第2回 新規性の審査って、どんな審査?

<出願発明と同一の構成要件を備えた公知の発明を探す>

 出願された発明(以下、「出願発明」と言います)の新規性は、出願前に出願発明と同一の発明が公知になっていれば、その公知の発明によって否定されます。
 従って、出願発明の新規性の審査は、出願前に公知となっている、出願発明と同一の構成を有する発明の有無を調査することと言えます。
 実際の審査では、主に出願前に全世界で公開されている特許文献(実用新案登録文検を含む)の中に、出願発明と同一の構成を有する発明が記載された特許文献があるか否かを調査しています。

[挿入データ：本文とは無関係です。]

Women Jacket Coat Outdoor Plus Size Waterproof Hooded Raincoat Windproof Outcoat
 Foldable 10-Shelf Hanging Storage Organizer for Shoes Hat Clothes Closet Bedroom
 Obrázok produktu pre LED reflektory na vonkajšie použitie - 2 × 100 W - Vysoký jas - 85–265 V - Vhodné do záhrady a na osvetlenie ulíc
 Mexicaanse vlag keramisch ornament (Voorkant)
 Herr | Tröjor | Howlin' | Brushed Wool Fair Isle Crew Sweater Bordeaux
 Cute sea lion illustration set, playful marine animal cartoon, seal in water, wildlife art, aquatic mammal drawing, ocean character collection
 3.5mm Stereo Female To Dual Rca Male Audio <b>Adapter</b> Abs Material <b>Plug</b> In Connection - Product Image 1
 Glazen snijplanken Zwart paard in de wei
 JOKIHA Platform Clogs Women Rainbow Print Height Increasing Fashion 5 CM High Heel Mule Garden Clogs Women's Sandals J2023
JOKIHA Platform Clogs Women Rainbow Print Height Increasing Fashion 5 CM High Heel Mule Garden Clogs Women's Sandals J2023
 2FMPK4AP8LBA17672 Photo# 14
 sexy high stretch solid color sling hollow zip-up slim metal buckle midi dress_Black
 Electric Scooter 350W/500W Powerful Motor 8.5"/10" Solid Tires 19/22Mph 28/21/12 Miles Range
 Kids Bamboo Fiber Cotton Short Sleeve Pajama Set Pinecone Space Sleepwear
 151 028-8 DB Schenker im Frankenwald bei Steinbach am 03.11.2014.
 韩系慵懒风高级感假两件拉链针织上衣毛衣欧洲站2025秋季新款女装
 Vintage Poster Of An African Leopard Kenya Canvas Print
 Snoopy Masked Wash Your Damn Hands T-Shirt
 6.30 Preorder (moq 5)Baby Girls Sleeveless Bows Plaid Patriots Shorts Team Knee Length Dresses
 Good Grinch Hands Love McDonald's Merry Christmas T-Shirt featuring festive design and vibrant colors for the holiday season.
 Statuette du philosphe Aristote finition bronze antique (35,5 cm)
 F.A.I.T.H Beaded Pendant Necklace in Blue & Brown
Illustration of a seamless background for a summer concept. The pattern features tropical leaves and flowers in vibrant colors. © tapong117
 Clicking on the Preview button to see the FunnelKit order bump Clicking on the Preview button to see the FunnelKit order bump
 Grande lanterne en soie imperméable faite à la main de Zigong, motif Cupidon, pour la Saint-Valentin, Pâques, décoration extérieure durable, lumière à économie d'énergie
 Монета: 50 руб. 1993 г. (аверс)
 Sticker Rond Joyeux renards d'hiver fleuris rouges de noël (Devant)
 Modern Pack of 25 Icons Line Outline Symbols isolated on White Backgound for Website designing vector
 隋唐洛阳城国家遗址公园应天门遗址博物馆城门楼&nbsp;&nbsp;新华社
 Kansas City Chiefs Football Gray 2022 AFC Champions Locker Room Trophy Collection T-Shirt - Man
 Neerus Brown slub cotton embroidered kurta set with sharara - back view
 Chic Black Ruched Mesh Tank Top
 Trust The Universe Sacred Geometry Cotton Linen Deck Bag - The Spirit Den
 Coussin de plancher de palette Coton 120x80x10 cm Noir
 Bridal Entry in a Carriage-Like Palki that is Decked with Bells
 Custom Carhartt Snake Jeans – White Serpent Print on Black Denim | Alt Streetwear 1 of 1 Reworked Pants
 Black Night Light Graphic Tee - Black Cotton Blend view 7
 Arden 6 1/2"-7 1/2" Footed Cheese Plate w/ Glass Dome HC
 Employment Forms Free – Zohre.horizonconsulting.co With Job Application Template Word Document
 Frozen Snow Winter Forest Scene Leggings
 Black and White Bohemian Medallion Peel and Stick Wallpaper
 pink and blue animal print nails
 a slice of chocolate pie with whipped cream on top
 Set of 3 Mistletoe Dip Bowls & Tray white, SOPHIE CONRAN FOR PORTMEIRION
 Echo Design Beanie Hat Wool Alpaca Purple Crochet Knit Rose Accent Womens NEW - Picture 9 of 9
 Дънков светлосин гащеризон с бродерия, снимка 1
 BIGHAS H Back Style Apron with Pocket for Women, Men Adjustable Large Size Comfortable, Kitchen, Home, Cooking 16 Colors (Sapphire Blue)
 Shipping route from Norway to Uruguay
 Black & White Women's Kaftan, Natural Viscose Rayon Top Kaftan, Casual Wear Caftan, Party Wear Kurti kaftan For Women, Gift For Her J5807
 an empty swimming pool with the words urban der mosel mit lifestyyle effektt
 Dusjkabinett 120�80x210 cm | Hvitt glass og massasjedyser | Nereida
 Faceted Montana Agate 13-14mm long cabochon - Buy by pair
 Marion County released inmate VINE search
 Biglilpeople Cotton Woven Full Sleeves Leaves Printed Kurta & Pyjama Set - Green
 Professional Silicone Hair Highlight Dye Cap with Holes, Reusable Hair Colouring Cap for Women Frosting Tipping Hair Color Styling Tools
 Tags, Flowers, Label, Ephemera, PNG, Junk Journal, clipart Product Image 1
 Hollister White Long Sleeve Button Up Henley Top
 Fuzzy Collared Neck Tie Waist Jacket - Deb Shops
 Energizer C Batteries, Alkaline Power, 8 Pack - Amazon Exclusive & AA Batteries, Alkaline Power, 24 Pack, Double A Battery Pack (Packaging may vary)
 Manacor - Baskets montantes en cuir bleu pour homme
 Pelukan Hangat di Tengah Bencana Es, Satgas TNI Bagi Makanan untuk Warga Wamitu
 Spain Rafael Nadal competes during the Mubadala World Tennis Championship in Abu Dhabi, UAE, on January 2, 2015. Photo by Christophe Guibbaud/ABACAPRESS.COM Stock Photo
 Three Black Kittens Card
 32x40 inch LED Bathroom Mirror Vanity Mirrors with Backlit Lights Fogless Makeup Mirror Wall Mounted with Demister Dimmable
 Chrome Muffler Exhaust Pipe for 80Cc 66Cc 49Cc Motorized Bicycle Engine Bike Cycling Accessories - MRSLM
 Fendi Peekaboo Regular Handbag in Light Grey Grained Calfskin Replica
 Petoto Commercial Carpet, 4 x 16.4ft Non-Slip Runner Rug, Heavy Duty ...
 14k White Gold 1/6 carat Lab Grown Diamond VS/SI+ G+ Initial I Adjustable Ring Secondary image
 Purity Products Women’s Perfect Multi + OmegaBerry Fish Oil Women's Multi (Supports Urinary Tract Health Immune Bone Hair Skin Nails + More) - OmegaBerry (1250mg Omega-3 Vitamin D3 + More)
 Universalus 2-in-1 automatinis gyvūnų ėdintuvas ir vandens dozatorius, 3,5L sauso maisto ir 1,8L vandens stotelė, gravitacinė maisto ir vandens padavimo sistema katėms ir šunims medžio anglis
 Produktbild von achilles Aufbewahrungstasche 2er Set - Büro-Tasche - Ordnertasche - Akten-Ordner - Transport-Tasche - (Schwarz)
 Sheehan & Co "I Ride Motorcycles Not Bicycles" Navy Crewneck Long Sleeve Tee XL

<出願人は、保護を受けたい発明の構成要件を特定しなければならない>

 特許法に規定される保護対象の「発明」は「自然法則を利用した技術的思想の創作のうち高度のもの」(特許法第2条)です。
 「高度のもの」は「実用新案法の考案よりも高度のもの」という意味で、「創作」は「新しいものを作り出す」という意味ですので、特許法が保護する「発明」は、実質的に「新規に創作した自然法則を利用した技術的思想」ということができます。
 技術者の創作活動の観点で見れば、「新規に創作した、自然法則を利用した技術的思想」は、「技術的課題を有する従来の構成に対して、その技術的課題を解決する新しい技術的な構成を追加したもの、若しくは技術的課題を有する構成を技術的課題を生じない構成に置換して創作したもの」と言い換えることができます。

 創作した発明について特許を受けるには、特許出願の出願人は「特許請求の範囲」を作成し、願書に添付して特許庁長官に申請する必要があります(特許法第36条)。
 「特許請求の範囲」は、創作した発明のうち、出願人が保護を受けたいと思う範囲を特定したもので、具体的には、創作した発明が備える、技術的課題を解決するために必要かつ十分な構成要件を特定したものです。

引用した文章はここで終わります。